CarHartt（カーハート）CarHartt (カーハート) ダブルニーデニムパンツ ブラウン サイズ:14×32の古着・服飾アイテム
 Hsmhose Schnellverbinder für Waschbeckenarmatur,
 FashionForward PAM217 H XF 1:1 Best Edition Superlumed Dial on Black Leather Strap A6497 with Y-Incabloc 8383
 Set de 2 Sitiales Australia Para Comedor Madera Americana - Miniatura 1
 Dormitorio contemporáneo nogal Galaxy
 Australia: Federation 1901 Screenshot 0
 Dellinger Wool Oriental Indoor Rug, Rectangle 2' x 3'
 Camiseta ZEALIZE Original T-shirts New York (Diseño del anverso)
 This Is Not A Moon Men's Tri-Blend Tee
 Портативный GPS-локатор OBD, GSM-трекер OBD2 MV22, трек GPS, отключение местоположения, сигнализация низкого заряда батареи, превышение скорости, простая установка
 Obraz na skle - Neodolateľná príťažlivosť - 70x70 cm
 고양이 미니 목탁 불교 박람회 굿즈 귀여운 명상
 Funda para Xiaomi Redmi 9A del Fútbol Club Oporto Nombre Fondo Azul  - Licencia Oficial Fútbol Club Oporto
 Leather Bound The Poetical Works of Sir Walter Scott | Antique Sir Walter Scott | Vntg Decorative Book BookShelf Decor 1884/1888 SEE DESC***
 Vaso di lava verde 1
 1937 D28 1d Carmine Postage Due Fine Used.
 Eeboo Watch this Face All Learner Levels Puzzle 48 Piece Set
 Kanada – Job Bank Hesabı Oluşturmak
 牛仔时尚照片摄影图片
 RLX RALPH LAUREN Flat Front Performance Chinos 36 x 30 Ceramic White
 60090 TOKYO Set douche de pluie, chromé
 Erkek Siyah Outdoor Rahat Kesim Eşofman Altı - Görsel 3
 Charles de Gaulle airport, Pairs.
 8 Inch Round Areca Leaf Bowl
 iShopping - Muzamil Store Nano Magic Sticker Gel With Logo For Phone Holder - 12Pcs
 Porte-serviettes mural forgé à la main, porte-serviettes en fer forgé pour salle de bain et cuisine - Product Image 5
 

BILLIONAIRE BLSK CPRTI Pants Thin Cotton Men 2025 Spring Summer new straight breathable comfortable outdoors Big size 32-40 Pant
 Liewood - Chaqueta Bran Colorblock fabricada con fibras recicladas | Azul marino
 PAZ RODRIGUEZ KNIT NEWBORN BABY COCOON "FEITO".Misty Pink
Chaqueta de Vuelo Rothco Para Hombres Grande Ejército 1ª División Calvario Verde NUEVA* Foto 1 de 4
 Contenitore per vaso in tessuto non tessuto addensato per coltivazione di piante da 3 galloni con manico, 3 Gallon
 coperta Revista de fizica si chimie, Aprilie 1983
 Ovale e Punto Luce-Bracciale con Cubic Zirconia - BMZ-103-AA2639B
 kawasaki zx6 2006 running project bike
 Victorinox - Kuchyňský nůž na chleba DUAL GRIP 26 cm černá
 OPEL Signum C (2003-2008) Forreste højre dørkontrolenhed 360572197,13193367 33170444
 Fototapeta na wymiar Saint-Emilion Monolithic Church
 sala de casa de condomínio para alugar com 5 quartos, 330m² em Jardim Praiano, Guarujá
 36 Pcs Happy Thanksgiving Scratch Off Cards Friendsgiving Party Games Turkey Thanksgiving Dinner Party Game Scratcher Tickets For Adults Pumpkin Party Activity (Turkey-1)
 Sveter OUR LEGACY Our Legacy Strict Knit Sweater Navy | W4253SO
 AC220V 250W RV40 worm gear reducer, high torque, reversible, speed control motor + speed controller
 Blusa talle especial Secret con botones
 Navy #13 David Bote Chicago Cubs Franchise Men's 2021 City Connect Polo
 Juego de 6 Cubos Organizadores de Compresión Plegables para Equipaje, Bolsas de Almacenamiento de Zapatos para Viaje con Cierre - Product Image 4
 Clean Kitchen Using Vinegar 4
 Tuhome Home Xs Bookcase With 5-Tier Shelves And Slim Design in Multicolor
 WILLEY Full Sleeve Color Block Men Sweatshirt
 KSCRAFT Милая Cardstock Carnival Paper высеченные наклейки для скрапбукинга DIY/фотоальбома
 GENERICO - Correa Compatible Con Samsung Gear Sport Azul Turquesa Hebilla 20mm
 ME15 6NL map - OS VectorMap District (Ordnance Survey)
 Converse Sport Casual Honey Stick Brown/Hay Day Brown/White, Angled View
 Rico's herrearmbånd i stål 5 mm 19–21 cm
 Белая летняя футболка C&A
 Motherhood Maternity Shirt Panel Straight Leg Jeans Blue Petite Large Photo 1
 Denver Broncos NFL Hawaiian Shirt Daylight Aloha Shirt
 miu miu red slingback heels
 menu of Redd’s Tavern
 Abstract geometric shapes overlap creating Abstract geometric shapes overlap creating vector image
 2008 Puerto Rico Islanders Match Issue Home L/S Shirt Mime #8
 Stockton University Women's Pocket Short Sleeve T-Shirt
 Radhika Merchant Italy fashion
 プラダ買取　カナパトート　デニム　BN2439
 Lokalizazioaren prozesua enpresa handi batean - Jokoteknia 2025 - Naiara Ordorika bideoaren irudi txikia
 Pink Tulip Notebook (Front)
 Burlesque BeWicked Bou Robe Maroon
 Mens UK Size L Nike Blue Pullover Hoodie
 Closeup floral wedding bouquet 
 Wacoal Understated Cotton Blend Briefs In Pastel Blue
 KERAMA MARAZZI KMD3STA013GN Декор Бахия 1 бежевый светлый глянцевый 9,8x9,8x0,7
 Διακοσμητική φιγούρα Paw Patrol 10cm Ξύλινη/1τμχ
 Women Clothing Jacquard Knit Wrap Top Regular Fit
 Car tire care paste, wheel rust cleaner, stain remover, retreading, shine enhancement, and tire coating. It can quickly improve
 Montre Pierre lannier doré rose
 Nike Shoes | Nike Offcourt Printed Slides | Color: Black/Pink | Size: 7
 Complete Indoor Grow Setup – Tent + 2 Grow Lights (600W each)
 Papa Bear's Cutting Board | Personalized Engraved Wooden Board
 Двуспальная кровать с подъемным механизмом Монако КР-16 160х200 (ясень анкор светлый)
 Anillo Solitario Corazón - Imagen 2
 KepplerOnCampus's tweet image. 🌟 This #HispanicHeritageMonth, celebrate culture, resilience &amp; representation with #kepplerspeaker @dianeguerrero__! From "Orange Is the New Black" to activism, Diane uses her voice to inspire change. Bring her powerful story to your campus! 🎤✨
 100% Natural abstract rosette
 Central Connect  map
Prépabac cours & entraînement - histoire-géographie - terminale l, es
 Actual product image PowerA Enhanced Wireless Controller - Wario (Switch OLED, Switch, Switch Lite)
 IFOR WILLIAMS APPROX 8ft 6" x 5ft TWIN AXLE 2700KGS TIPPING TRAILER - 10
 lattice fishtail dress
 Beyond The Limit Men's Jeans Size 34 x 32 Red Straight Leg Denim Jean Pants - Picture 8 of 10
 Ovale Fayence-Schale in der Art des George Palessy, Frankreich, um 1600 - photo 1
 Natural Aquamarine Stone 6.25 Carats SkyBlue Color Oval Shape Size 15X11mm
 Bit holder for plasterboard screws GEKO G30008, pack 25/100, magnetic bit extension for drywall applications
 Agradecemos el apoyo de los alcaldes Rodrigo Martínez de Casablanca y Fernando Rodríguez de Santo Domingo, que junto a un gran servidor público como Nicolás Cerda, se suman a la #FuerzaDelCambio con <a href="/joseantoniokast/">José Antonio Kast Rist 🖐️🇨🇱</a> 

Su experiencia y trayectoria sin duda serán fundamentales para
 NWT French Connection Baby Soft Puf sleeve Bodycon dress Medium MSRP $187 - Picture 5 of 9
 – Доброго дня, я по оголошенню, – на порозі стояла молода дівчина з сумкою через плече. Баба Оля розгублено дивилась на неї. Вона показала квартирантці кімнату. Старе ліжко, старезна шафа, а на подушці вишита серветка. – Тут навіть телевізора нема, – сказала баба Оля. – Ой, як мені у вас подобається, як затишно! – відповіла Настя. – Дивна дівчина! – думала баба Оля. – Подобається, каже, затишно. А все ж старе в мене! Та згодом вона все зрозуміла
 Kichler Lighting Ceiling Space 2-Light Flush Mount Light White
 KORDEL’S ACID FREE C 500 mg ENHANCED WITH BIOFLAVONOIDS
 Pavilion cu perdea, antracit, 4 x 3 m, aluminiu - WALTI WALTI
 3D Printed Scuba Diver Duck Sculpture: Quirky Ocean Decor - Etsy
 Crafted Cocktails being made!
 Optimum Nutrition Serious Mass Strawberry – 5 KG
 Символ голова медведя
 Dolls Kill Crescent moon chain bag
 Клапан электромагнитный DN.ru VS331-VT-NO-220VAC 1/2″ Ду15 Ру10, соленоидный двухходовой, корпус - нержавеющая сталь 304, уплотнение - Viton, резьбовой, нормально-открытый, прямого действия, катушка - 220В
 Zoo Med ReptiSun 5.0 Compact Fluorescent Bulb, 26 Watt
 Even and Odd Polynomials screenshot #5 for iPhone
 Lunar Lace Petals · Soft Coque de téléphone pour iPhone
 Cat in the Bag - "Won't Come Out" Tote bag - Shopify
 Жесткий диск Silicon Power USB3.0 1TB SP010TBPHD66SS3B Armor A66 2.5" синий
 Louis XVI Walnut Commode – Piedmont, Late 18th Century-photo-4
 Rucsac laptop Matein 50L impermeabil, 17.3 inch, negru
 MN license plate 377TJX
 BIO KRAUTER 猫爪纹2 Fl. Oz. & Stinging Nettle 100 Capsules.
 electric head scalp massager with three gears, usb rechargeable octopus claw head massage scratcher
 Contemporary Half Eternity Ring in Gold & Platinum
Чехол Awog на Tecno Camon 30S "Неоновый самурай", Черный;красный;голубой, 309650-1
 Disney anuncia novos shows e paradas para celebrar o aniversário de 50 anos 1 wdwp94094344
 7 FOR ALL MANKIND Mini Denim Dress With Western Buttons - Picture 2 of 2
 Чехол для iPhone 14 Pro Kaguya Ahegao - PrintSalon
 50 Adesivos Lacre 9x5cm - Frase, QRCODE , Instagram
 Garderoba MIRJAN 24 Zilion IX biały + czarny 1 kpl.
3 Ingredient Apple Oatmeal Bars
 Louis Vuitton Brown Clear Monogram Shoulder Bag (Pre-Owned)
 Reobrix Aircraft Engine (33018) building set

----

**Task details:** Every line above that has the string "Blend" needs to be copied.

**Answer section:**
 This Is Not A Moon Men's Tri-Blend Tee
 Wacoal Understated Cotton Blend Briefs In Pastel Blue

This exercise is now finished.